VIDEO: This WW2 Vet Reveals What He Said To 15,000 Germans To Trick Them Into SURRENDERING!
I love going back and reading and watching anything that I can about World War Two. Not so much the battles as it were, but more or less the day to day of live during the war. This country banded together like nothing I have ever seen. It was amazing and warms my heart when I think about it.
The men that fought that war were made of a particular type of metal. My grandfather left part of his left thigh on a field in north Africa and he probably was the toughest person I ever met. Not in that I could fight ten men at once, but mental toughness. If the second World War was launched today, I doubt our youth would be capable of winning the war.

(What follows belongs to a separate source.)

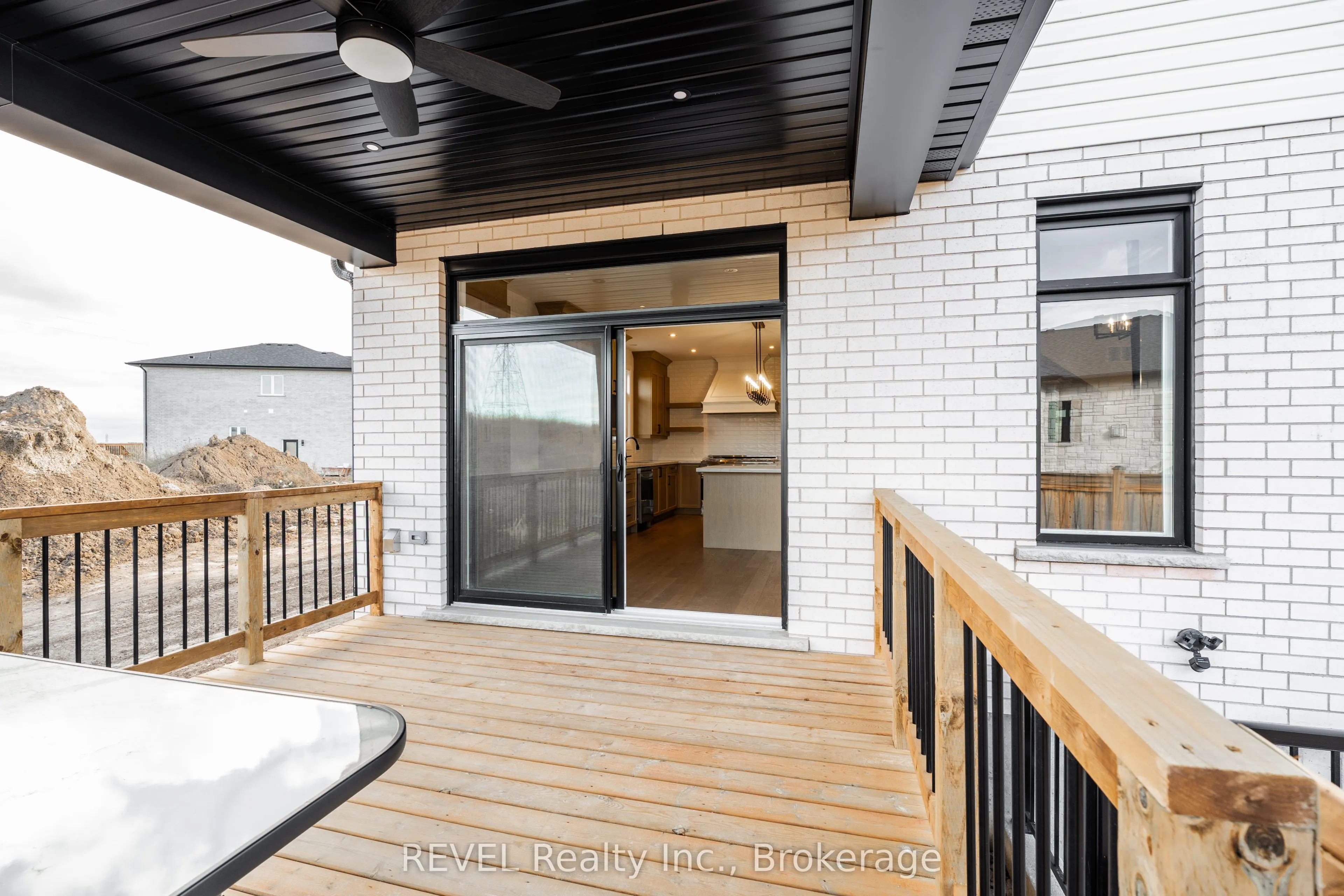 1186 UPPERS Lane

The generation of men sent to fight in the second World War was the pinnacle of strength and bravery. Captain T. Moffat Burris was one such brave soldier, who convinced 15,000 Germans to surrender to him and two others.
Veteran Captain T. Moffat Burris details a harrowing story of the events that unfolded as the Western theater was coming to a close.
President Eisenhower commanded the men accompanying Captain Burris to stand down and let the Russians accept the surrender of the German army on the opposite side of a hill.
Captain Burris waited patiently at first, but soon he grew tired. The Captain got in a jeep and traveled over a nearby river to observe the Germans. He accidentally drove into a unit of 15,000 troops.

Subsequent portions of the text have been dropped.